The content item may be a first content item, and the plurality of segments may be a first plurality of segments. At a third time, a second content item comprising a second plurality of segments may be received. The third time may be between the first time and the second time, the second plurality of segments may correspond to the first plurality of segments, and at least a subset of segments of the second plurality of segments may be of a higher quality than the corresponding segments of the first plurality of segments. Processing the first segment to improve the quality of the first segment may comprise determining whether a difference between the quality of the first segment and the corresponding segment in the second plurality of segments is above or below a threshold value.
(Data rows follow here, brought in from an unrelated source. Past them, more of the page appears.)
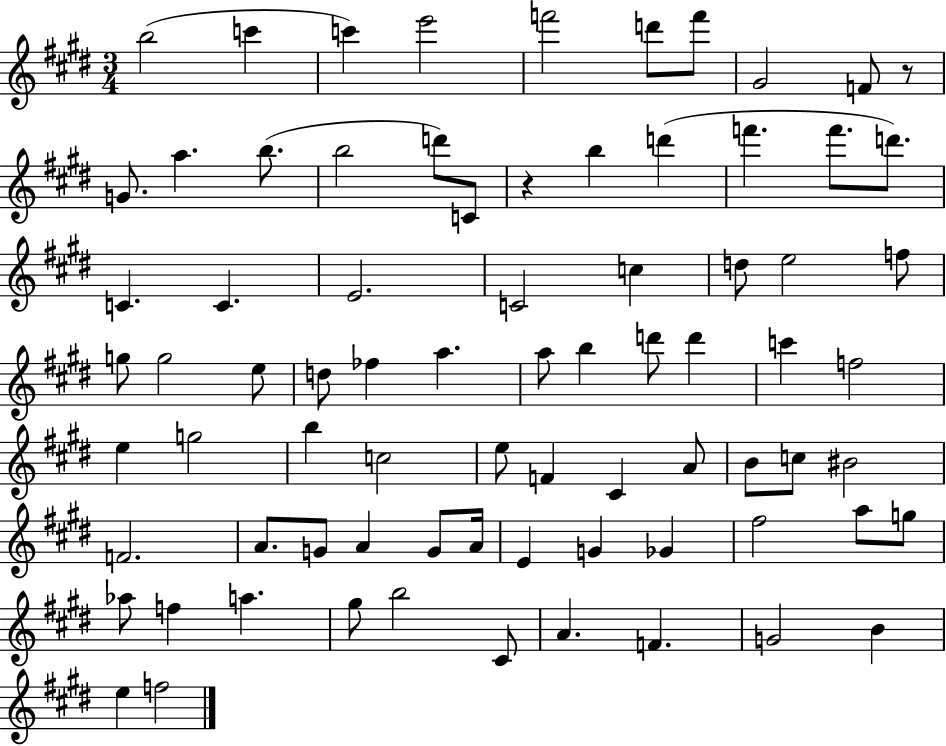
{
  \clef treble
  \numericTimeSignature
  \time 3/4
  \key e \major
  b''2( c'''4 | c'''4) e'''2 | f'''2 d'''8 f'''8 | gis'2 f'8 r8 | \break g'8. a''4. b''8.( | b''2 d'''8) c'8 | r4 b''4 d'''4( | f'''4. f'''8. d'''8.) | \break c'4. c'4. | e'2. | c'2 c''4 | d''8 e''2 f''8 | \break g''8 g''2 e''8 | d''8 fes''4 a''4. | a''8 b''4 d'''8 d'''4 | c'''4 f''2 | \break e''4 g''2 | b''4 c''2 | e''8 f'4 cis'4 a'8 | b'8 c''8 bis'2 | \break f'2. | a'8. g'8 a'4 g'8 a'16 | e'4 g'4 ges'4 | fis''2 a''8 g''8 | \break aes''8 f''4 a''4. | gis''8 b''2 cis'8 | a'4. f'4. | g'2 b'4 | \break e''4 f''2 | \bar "|."
}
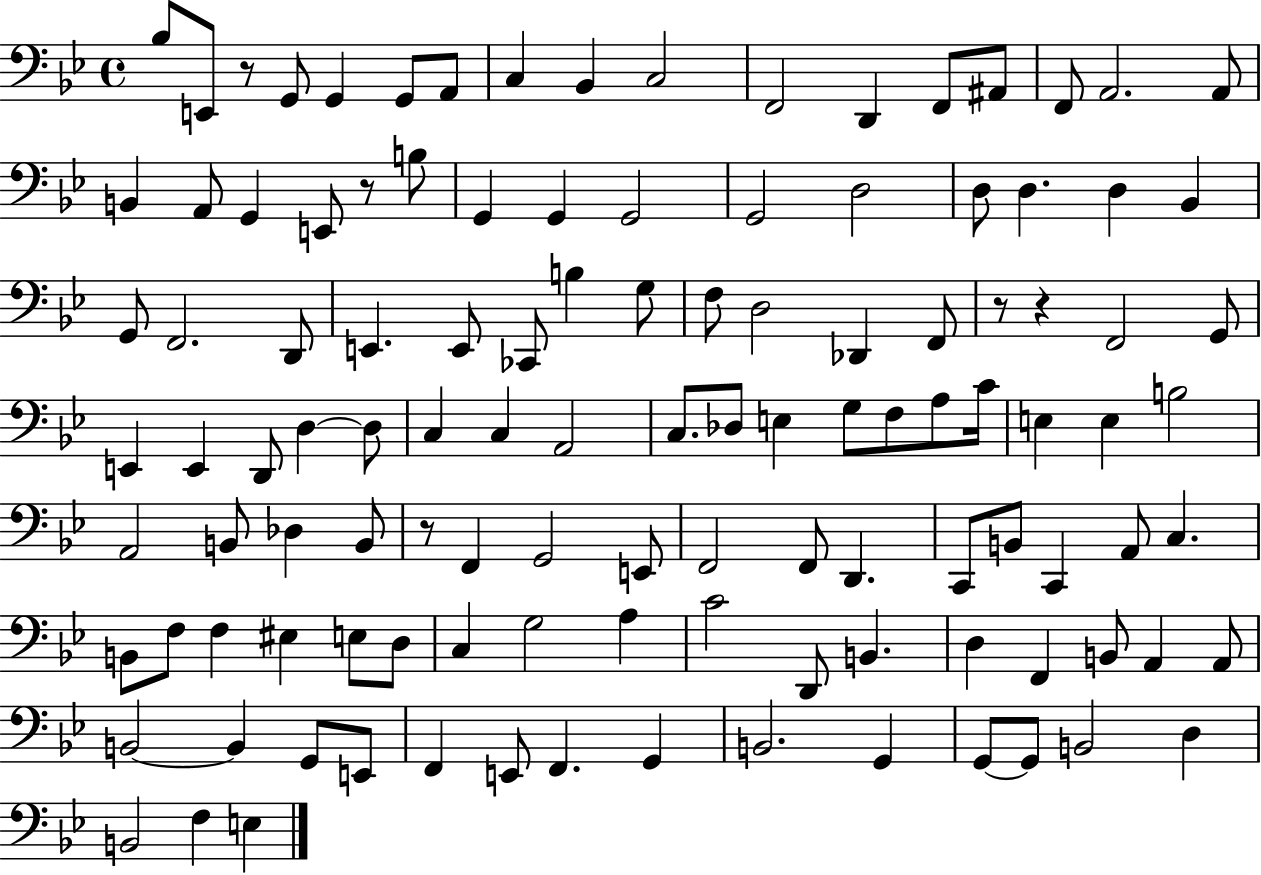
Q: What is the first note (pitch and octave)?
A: Bb3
If the difference in quality is below a threshold value, the first segment may be characterized, a trained neural network may be identified based on the characterization of the first segment, and the first segment may be processed with the identified neural network. If the difference in quality is above a threshold value, the corresponding segment in the second plurality of segments may be identified, it may be identified that the corresponding segment is of a higher quality than the first segment, and the first segment may be replaced with the higher-quality corresponding segment.

A manifest file may be generated based on the plurality of segments of the content item, and it may be identified that a difference in quality between the first segment and the improved-quality first segment is above a threshold value. The manifest file may be updated to refer to the improved-quality first segment. Improving the quality of the first segment may comprise improving the quality of audio and video components of the first segment.

Systems and methods are described herein for improving live streaming. A content item includes audio, video, text and/or any other media content. A content item may be a single media content item. In other examples, it may be a series (or season) of episodes of a media content item. Audio includes audio-only content, such as podcasts. Video includes audiovisual content such as movies and/or television programs. Text includes text-only content, such as event descriptions. One example of a suitable media content item is one that complies with the MPEG DASH standard. An OTT, streaming and/or VOD service (or platform) may be accessed via a website and/or an app running on a computing device, and the computing device may receive any type of content item, including live content items and/or on-demand content items. Content items may, for example, be streamed to physical computing devices. In another example, content items may be streamed to virtual computing devices in, for example, an augmented environment, a virtual environment and/or the metaverse.

Quality may refer to a resolution of a frame, or segment, of a content item. For example, a high-quality frame, or segment, may have a resolution of 1080p or 720p, and a low-quality frame, or segment, may have a resolution of 360p or 480p. In other examples, the quality may refer to the amount a frame, or segment, of the content item is compressed, for example, via a lossy video codec. For example, a highly compressed frame, or segment, may have a relatively low quality. Quality may also refer to the quality of an audio component of a content item. Any reference to improvement of quality herein may refer to improving video and/or audio quality of a content item.

The disclosed methods and systems may be implemented on one or more computing devices. As referred to herein, the computing device can be any device comprising a processor and memory, for example, a television, a smart television, a set-top box, an integrated receiver decoder (IRD) for handling satellite television, a digital storage device, a digital media receiver (DMR), a digital media adapter (DMA), a streaming media device, a DVD player, a DVD recorder, a connected DVD, a local media server, a BLU-RAY player, a BLU-RAY recorder, a personal computer (PC), a laptop computer, a tablet computer, a WebTV box, a personal computer television (PC/TV), a PC media server, a PC media center, a handheld computer, a stationary telephone, a personal digital assistant (PDA), a mobile telephone, a portable video player, a portable music player, a portable gaming machine, a smartphone, a smartwatch, a smart speaker, an augmented reality device, a mixed reality device, a virtual reality device, or any other television equipment, computing equipment, or wireless device, and/or combination of the same.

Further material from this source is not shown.